And you thought designer dogs were getting expensive.
According to a 2010 study by Equine Canada, it costs the average horse owner $2,700 a year to keep a horse. Vet bills, feed and grooming can add up quickly.
The study suggests there is $29 billion invested in the Canadian horse industry. There are an estimated 963,500 horses from coast to coast, translating to one full-time job for every 32 horses. The horse industry contributes as much as $19 billion to the Canadian economy, up $5 billion from 2003.
Considering the size and scope of the industry, Canadians have very few options when it comes to one of the industry's primary occupations. The farrier, or blacksmith, is one of the most critical contributors to the health and welfare of horses. Yet unless you live in Western Canada, formal training in the art can be hard to come by.
Luckily for horse owners in the Lower Mainland, Kwantlen Polytechnic University's Cloverdale campus offers a foundation program for would-be farriers to eventually become a qualified blacksmith.
The B.C. chapter of the Canadian Welders Association hosted a blacksmith demonstration there last Saturday.
As instructor Gerard Laverty put the final nail in place of a horseshoe he created, he couldn't help but laugh when he described his own profession.
"People are still shocked that blacksmiths still exist," said Laverty, "but there is a strong recreational market out there."
Laverty compares it to the tire industry. Sooner or later, wear and tear means you're going to need to replace what you're riding on. A horse is no different.
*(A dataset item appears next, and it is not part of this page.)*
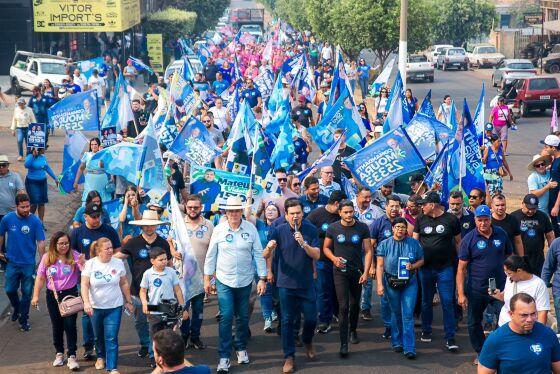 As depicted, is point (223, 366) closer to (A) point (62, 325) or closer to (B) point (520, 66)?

That's where Kwantlen's farrier program comes into play. After spending nine months under the guidance of instructors like Laverty, farriers then go out and apprentice under someone who can continue to guide the process.
"You need to spend about three years working under someone who has that watchful eye. It's critical to develop that good judgment," he said.
The key is patience and understanding, he added. Horses and their shoes are rarely a simple fit. Hooves crack, slope and come in all different shapes and sizes. So matching a shoe means understanding the needs of a particular horse. Laverty says that's why so many people in the program have a strong horse background before they come to Kwantlen, including many women.
Aili Sundberg is a program assistant in the farrier program in Cloverdale. Her passion for horses started when she was seven.
"It's been a life-long passion - or an obsession," she said, laughing. "But I think you have to be passionate to do it well."
After graduating from the program in 2008, Sundberg headed back to her home in northern B.C. But a lack of training opportunities brought her back to the Surrey area, where she now works with new students looking for a career as a blacksmith. "I can't think of anything I'd rather do," she said.